Required action:
Only the lines from the line with "in New York." through the end of the records belong in your reply, copied exactly, with every picture left out.
===== The data =====
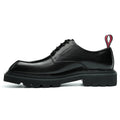Men's structured calfskin square-toe lace-up Derby dress shoes with contrast pull tabs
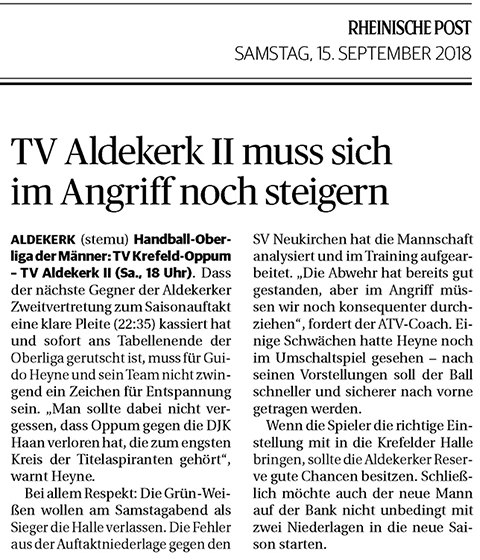 180915 TV Al­de­kerk II muss sich im An­griff noch stei­gern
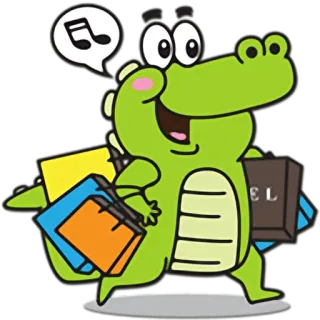 🛍 cartoon, alligator, music, notes, animal, happy, cheerful, walking telegram sticker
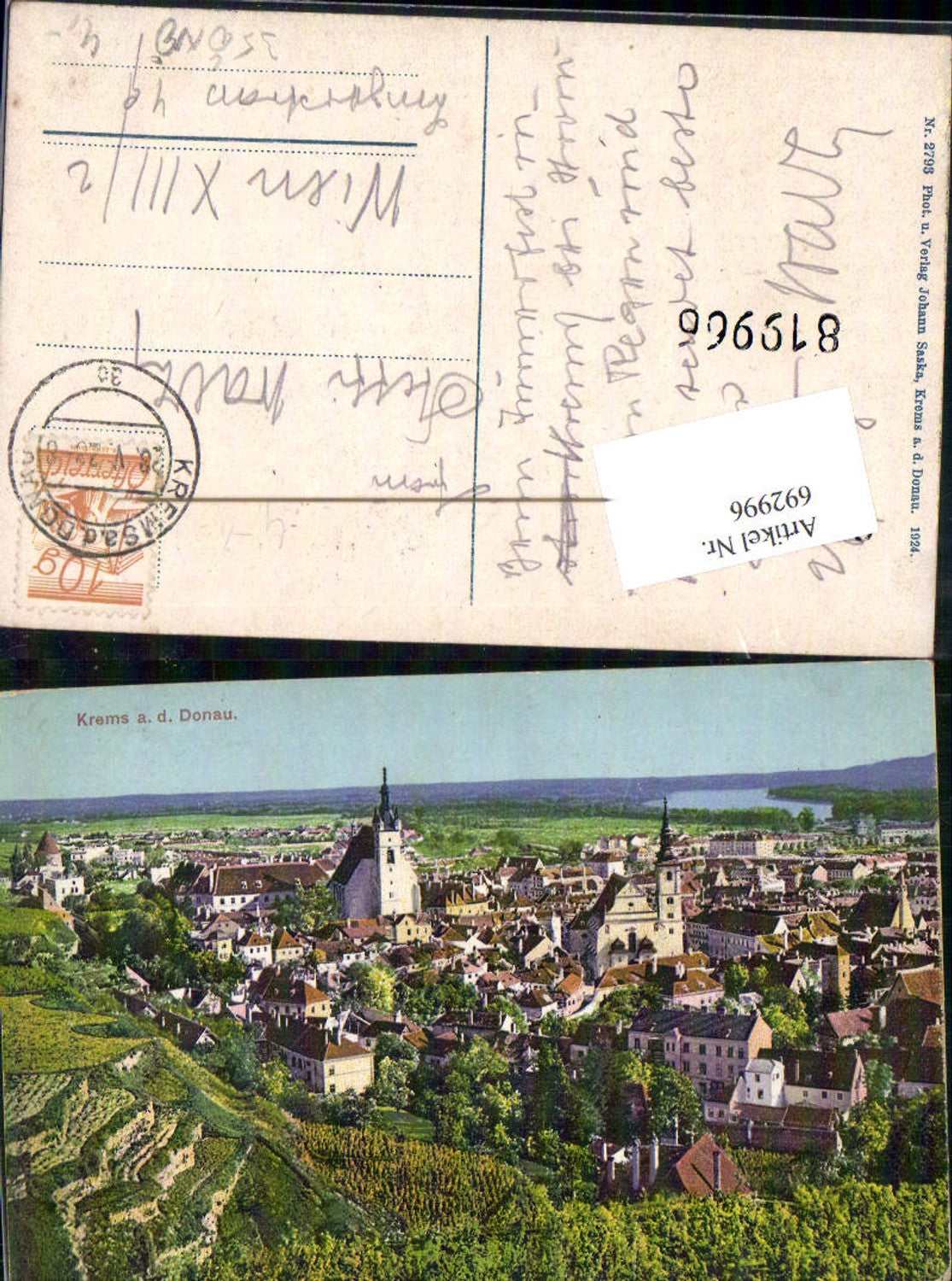 692996 tolle AK Krems an der Donau pub Johann Saska 2793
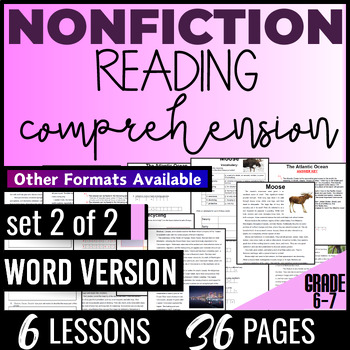 Preview of Nonfiction Reading Comprehension Passages Set 2 of 2 6th 7th Grade Word Version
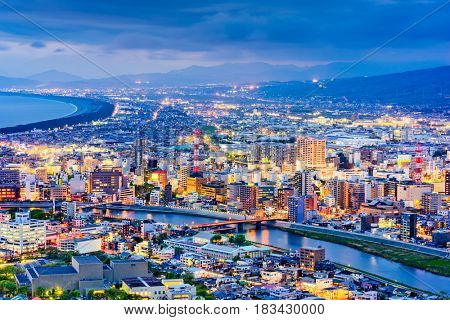 Numazu, Japan Skyline at twilight.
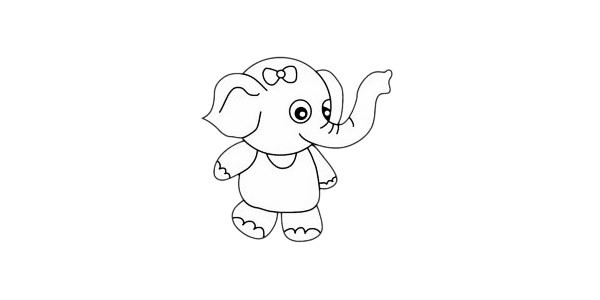 超简单的大象简笔画步骤图解教程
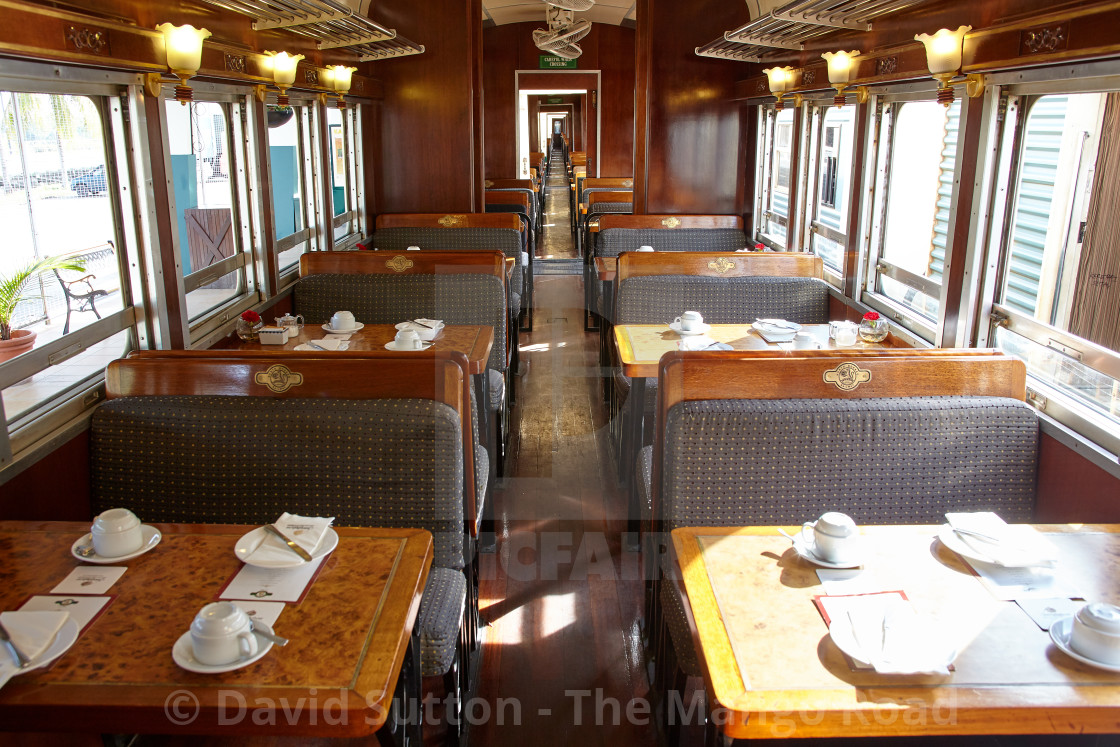 "Interior of the train carriage on the North Borneo Railway at Tanjung Art,..." stock image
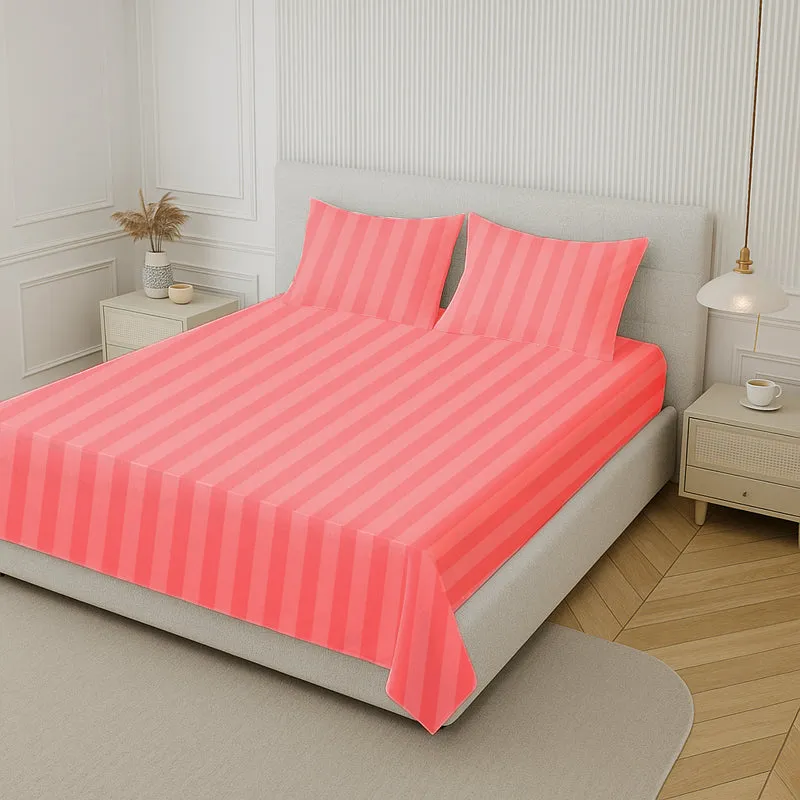 Elegance Striped Cotton Bedsheet (Maroon) - 210 TC media 3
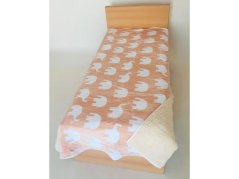 Luxusní deka s beránkem 140x200 mikroflanel TISK Sloni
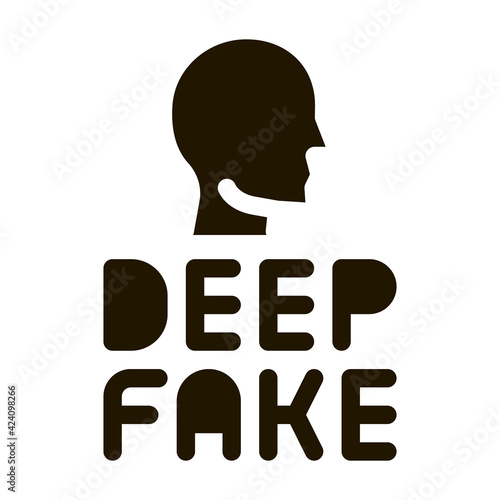 deepfake human face glyph icon vector. deepfake human face sign. isolated symbol illustration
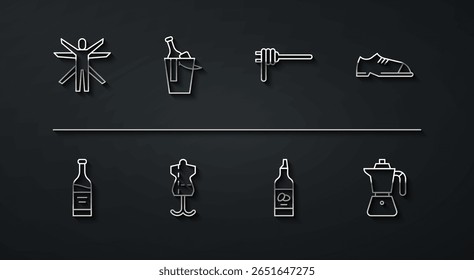 Definir linha Homem Vitruviano, Garrafa de vinho, Sapatos masculinos, azeite, Manequim, balde, Cafeteira de moca e ícone de espaguete de massa. Vetor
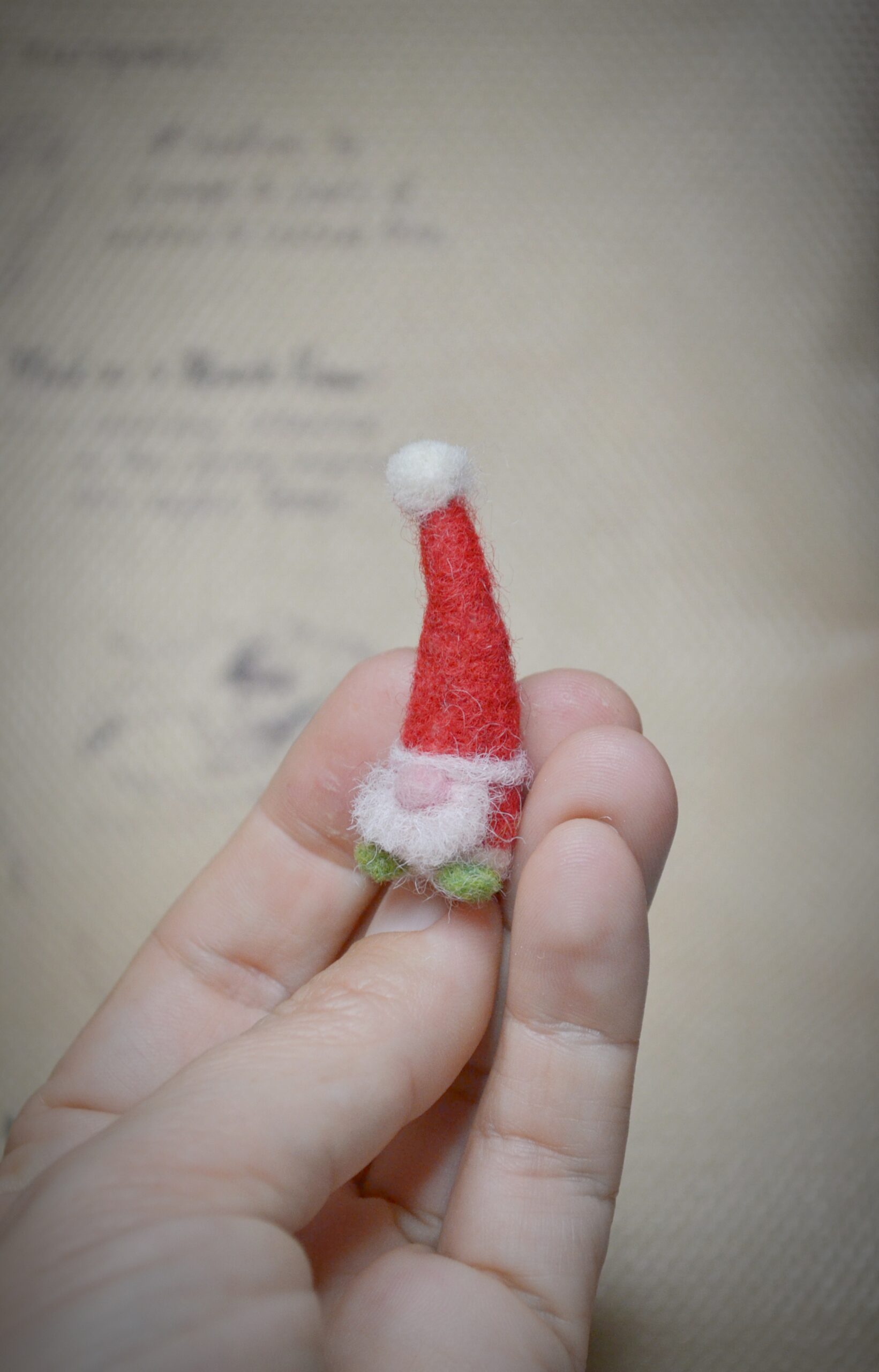 Santa Gnome Needle Felted Miniature - Image 3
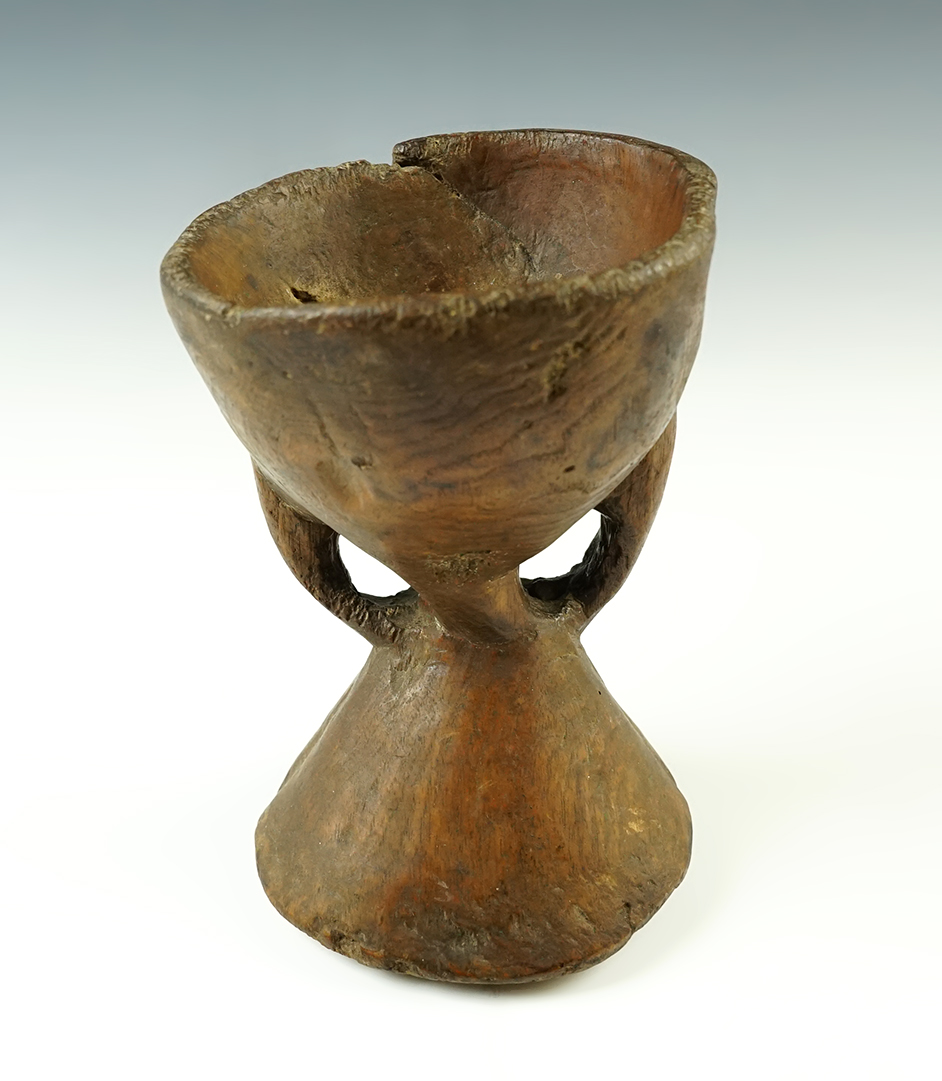 5 1/2" tall x 4 1/4" wide Hand carved Burll Wood Cup. Recovered in New York.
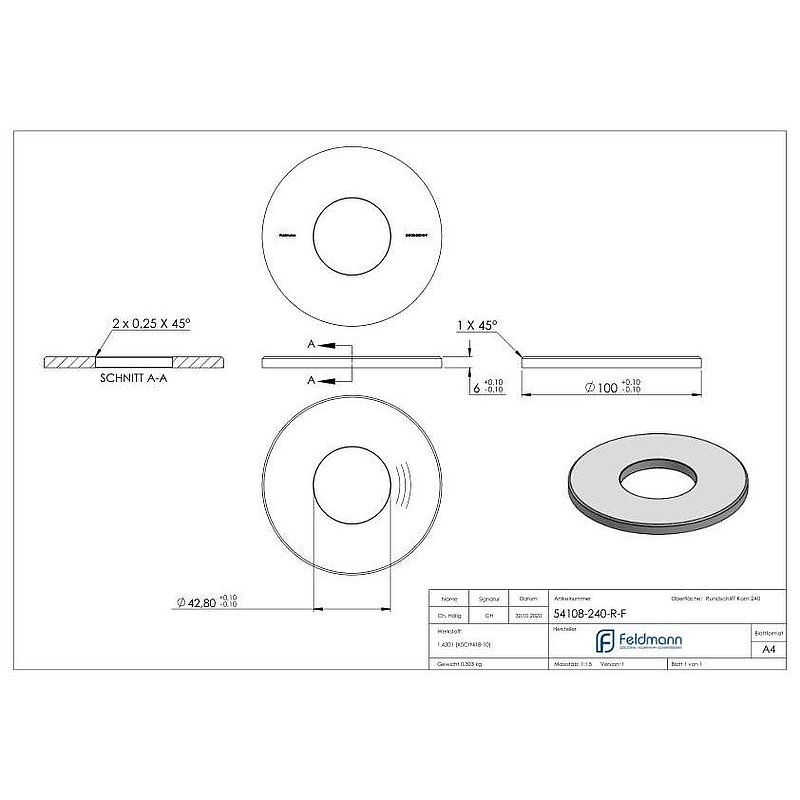 Plaque d'ancrage Ø 100x6mm, avec ponçage circulaire et chanfrein, V2A
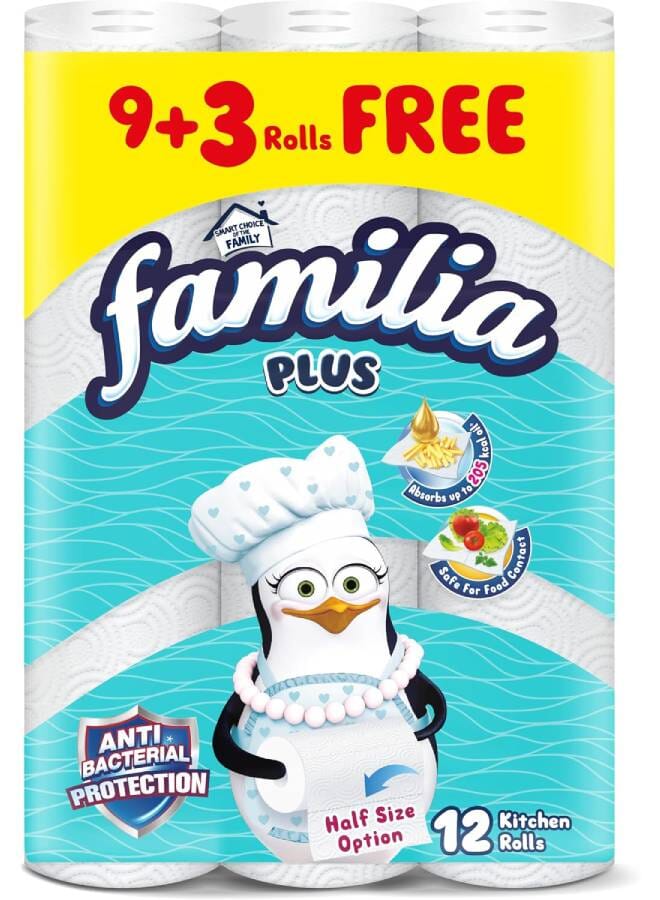 Familia Kitchen Rolls Maxi Hygiene - 12 Roll 2 Ply White - Image 1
=====
Task output:
 5 1/2" tall x 4 1/4" wide Hand carved Burll Wood Cup. Recovered in New York.
 Plaque d'ancrage Ø 100x6mm, avec ponçage circulaire et chanfrein, V2A
 Familia Kitchen Rolls Maxi Hygiene - 12 Roll 2 Ply White - Image 1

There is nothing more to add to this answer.